In that situation, Congress could take any of a number of different steps. It could agree to authorize payment of financial assistance in all states, effectively reversing the hypothetical Supreme Court decision. But given Republican opposition to the Affordable Care Act, such a move is conceivable only if the Administration accepts other changes in the health reform law that it has so far resisted. Congress could enact legislation authorizing states to opt out of the health reform law. It could, once again, try to replace Obamacare with an alternative law more to Republican liking. All these approaches would require Republicans to agree on an alternative health reform strategy that accomplishes many of the goals of Obamacare, most elements of which are quite popular. So far they have been unable to do so. All would require some Democratic support to overcome an inevitable filibuster in the Senate. All would require negotiation between Congressional Republicans and the Democratic White House to avoid a veto, which could be overridden only with concurrence of two-thirds of both houses of Congress, a virtually insurmountable obstacle.

Even if the Supreme Court sustains the health reform’s tax credits and cost-sharing assistance, unified Republican control of Congress means that efforts to slow, amend, or repeal Obamacare will intensify.
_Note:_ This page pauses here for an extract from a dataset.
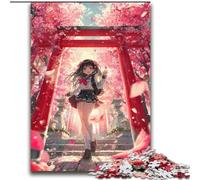 Anime Cat Maid Jigsaw Puzzles for Teenagers, Toys Educational Games Stress Relieving Unique Birthday And Gifts (70x100cm)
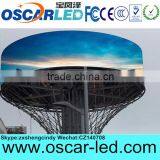 Custom-made Xxx Curved Advertising Led Display Made in China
The menu of options will include many of the steps listed above, plus one more. Congress controls how much and on what the Executive branch can spend money. These controls include normal appropriation bills to which provisions may be appended of the ‘no money shall be spent on X’ variety. The Democratic minority can filibuster limits on spending to administer the health reform, and the president can veto them. But such resistance is hard for a minority to sustain when the restrictive appropriations are part of a larger bill that contains popular provisions that are jeopardized if the whole bill is blocked.

Congress has an additional weapon to bend a resistant Administration to its will…budget reconciliation. Congress can pass a budget resolution directing committees to craft and report out spending bills to achieve various broad purposes. At the end of the session, if legislation effecting those purposes has not been acted on, Congress can pass a so-called ‘reconciliation’ bill to achieve those goals. Under Senate rules, reconciliation bills cannot be filibustered. Accordingly, they require only a simple majority for Senate passage. Reconciliation bills are limited to provisions that involve taxes and expenditures. Thus, reconciliation cannot be used to repeal or change the structure of the Affordable Care Act. But the Affordable Care Act requires continued spending by various federal government departments to make it work. And a reconciliation bill could cap or bar expenditures to administer health reform. The president can still veto budget reconciliation. But, the stage is set for the Republicans to try to modify or weaken the Affordable Care Act or to substitute different legislation. They will doubtless try to package such changes in ways that the Democratic minority in Congress will find hard to oppose and that the president will feel forced to accept.

The Obamacare wars are now six years old. Those wars will continue at least two years more in both legal and political venues and may well continue even longer than that. In one sense, the intensity and duration of the debate on health policy is unsurprising. Health care accounts for nearly one-fifth of the U.S. economy. Deep philosophical divisions separate the two parties. Neither has achieved a stable political majority. The political serial named The Perils of Obamacare will continue for several more reels.